> **INPUT**:
= Beginning of Section =

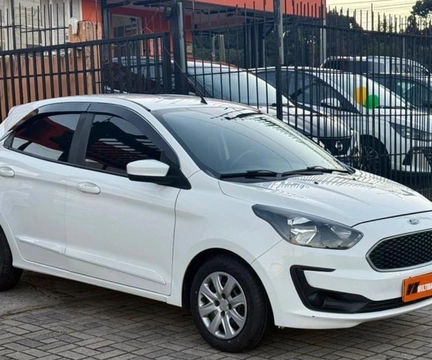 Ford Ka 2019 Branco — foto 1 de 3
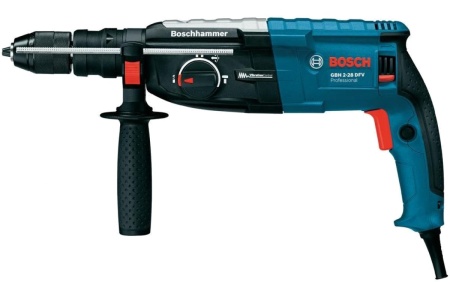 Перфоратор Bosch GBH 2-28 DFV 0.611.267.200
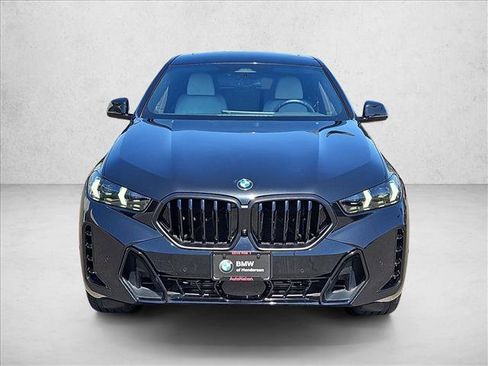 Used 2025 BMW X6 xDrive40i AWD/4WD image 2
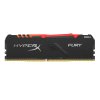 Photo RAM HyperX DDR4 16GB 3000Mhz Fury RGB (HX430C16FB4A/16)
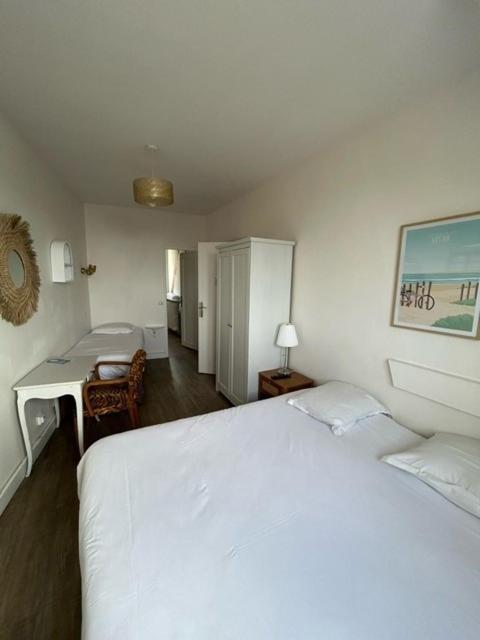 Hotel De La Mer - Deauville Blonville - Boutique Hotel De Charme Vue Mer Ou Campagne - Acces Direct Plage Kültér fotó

= End of Section =
= Beginning of Section =

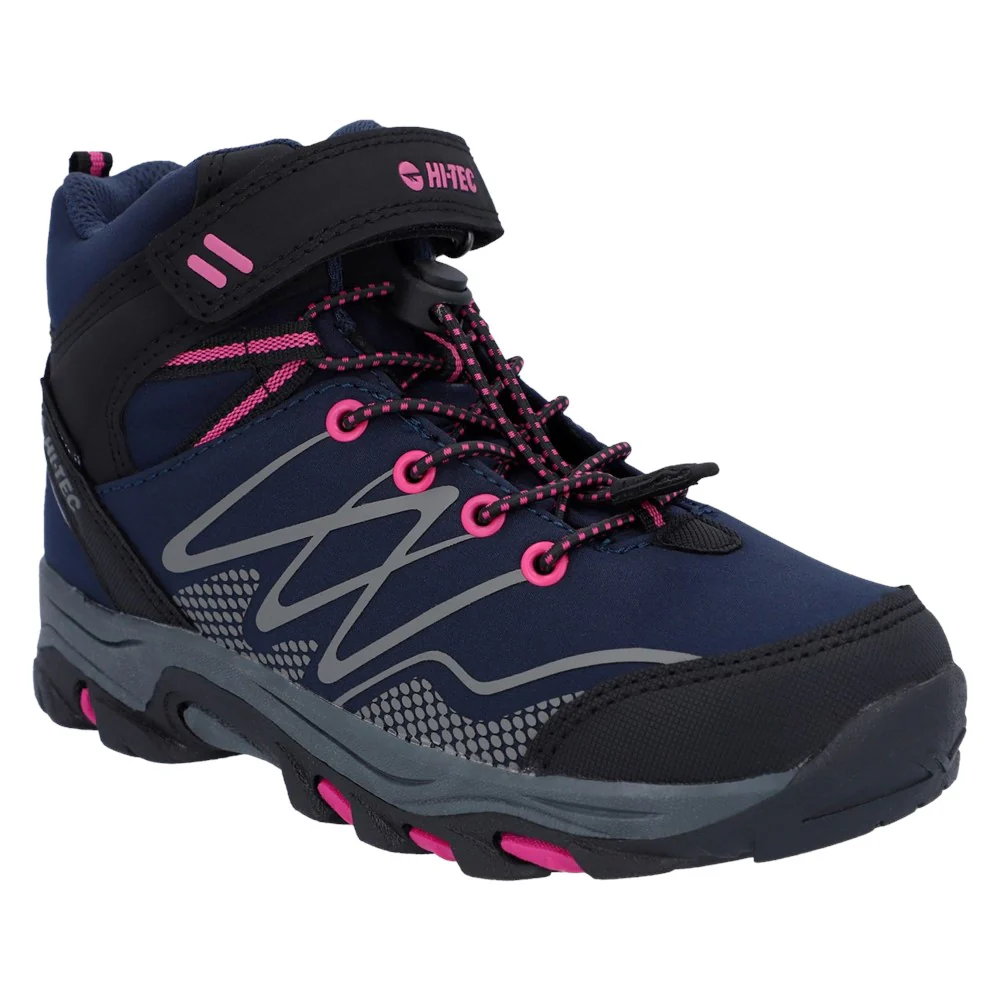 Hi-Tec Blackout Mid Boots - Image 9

= End of Section =

> **TASK BRIEF**: In the entries above, find the line containing "Ford Ka 2019 Branco — foto 1 de 3" and the line containing "Hotel De La", then copy both and every line between them exactly, without any picture.

> **FINISHED TASK**:
 Ford Ka 2019 Branco — foto 1 de 3
 Перфоратор Bosch GBH 2-28 DFV 0.611.267.200
 Used 2025 BMW X6 xDrive40i AWD/4WD image 2
 Photo RAM HyperX DDR4 16GB 3000Mhz Fury RGB (HX430C16FB4A/16)
 Hotel De La Mer - Deauville Blonville - Boutique Hotel De Charme Vue Mer Ou Campagne - Acces Direct Plage Kültér fotó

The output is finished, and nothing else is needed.